Former South African president Nelson Mandela’s estate, worth about US$4.1 million, will be shared between his family, members of his staff, schools that he attended and the African National Congress (ANC), the movement that fought white rule and now governs South Africa, the will’s executors said on Monday.
Mandela’s third wife, Graca Machel, is the main beneficiary of the will because their marriage was “in community of property” and she therefore has the right to half his estate, as long as she claims it within 90 days, said executor Dikgang Moseneke, who is also deputy chief justice of the Constitutional Court.
Graca Machel’s first husband, former Mozambican president Samora Machel, died in a plane crash in 1986.
Mandela’s second wife, Winnie Madikizela-Mandela, was not mentioned in the will. The couple divorced in 1996.
Moseneke said he is not aware of any challenges to the provisions of the will. Mandela, who became South Africa’s first black president, died on Dec. 5 last year aged 95.
Moseneke outlined a “provisional inventory” of 46 million rand (US$4.1 million), but said the amount could change as the will is studied more carefully.
The document was drawn up in 2004, and was amended in 2005 and 2008. Two other executors are George Bizos, a human rights lawyer and longtime friend of Mandela, and Themba Sangoni, a chief judge from Eastern Cape Province, Mandela’s birthplace.

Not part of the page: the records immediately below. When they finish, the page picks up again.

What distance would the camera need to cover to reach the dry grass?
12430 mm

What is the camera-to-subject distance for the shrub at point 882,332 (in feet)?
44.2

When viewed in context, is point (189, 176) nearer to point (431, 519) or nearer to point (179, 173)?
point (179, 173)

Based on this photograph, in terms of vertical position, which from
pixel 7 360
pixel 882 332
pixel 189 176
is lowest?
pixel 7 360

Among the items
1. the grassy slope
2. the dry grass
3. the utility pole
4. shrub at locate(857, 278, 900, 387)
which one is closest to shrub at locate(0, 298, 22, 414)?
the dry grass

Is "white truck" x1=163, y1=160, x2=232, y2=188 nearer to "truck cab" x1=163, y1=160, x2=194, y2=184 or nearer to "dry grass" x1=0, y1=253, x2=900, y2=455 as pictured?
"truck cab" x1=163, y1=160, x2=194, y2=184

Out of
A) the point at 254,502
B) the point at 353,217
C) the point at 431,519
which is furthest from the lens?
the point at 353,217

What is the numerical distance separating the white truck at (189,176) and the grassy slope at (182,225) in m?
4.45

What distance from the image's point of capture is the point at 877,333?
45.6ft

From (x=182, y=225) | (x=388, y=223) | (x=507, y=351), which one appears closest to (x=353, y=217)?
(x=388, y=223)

The will was read in its entirety on Monday to members of Mandela’s family.
“It went well,” Moseneke said at a news conference. “There were clarifications sought from time to time.”
Last year, while Mandela’s health was in decline, his family was involved in a number of high-profile disputes.

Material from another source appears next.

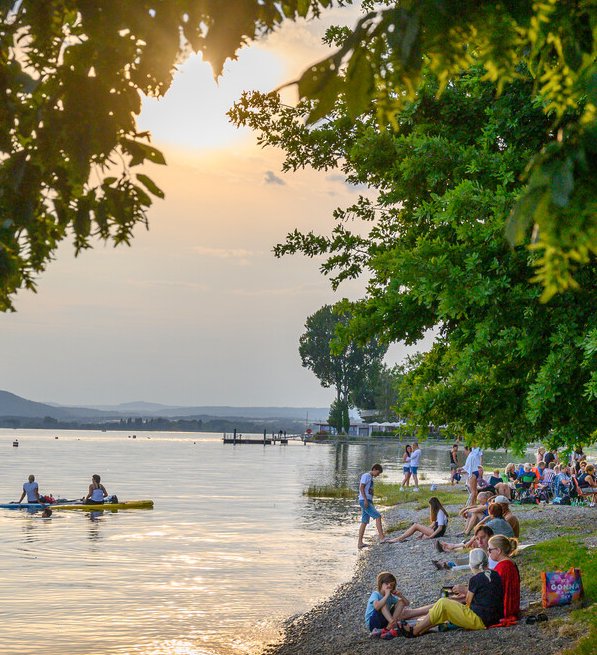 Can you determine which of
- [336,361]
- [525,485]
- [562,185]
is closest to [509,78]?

Some members sought to dislodge Bizos and other directors of two companies whose proceeds are supposed to benefit the Mandela family.
Separately, Mandla Mandela, a grandson of the anti-apartheid leader, fell out with family members because he had moved the remains of the patriarch’s three deceased children to a different grave site.

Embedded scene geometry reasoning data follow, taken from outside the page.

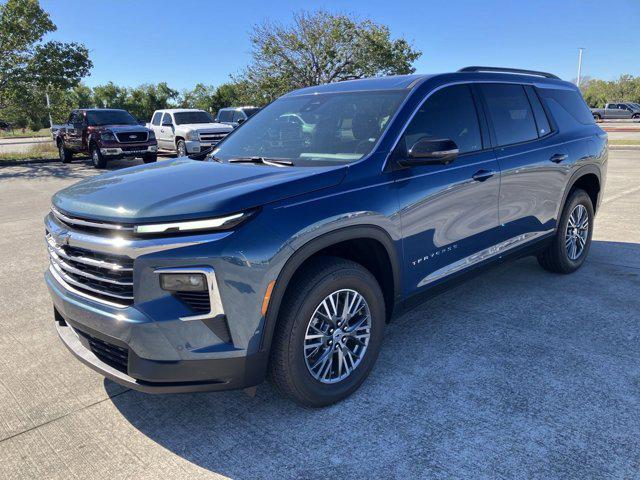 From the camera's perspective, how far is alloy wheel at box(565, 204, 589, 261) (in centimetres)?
516

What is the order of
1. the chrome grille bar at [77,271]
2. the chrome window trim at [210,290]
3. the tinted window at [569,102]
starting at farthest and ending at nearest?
the tinted window at [569,102] < the chrome grille bar at [77,271] < the chrome window trim at [210,290]

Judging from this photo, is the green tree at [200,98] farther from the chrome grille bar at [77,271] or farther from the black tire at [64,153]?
the chrome grille bar at [77,271]

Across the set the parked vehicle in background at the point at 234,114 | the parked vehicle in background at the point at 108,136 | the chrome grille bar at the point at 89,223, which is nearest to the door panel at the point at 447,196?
the chrome grille bar at the point at 89,223

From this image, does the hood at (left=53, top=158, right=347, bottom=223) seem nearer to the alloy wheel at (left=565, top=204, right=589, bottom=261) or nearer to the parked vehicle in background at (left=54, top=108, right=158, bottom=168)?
the alloy wheel at (left=565, top=204, right=589, bottom=261)

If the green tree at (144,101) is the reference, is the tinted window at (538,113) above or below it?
below

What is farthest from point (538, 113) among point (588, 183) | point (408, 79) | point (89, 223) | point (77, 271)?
point (77, 271)

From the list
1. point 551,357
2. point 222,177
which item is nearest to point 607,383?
point 551,357

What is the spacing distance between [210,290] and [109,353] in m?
0.70

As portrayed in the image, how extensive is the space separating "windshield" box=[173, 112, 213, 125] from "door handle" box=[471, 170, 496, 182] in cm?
1680

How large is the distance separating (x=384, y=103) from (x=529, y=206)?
67.7 inches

A court order forced him to return the remains to Qunu, where Nelson Mandela grew up and where he was buried on Dec. 15 last year.
In the will, Mandela said he had already given US$300,000 to his three surviving children. He bequeathed amounts to his grandchildren ranging from US$9,000 to US$300,000, and the beneficiaries include Graca Machel’s two children with Samora Machel.
Mandela gave US$4,500 each to nine staff members, including Xoliswa Ndoyiya, his cook.
“It shows me that he has been respecting me and he loved me for who I am,” Ndoyiya said at a press conference where the will was made public. “I am one of these people who served him for many years.”
Mandela instructed one of three trusts that carry his name to consider paying between 10 percent and 30 percent of royalties to the ANC to record or disseminate information on the party’s policies, including reconciliation.
He left funds for scholarships and bursaries to the secondary school in Qunu, the University of Fort Hare, the University of the Witwatersrand — where Mandela studied in the 1940s — and Soweto’s Orlando West high school, whose students and teachers played a prominent role in the fight against white rule.
A trust will administer Mandela’s Johannesburg home, which became a shrine during the last months of his life as well-wishers gathered outside its walls.
Mandela said in his will that he hoped several of his grandchildren would live there, and that the house would “also serve as a place of gathering of the Mandela and Machel family in order to maintain its unity long after my death.”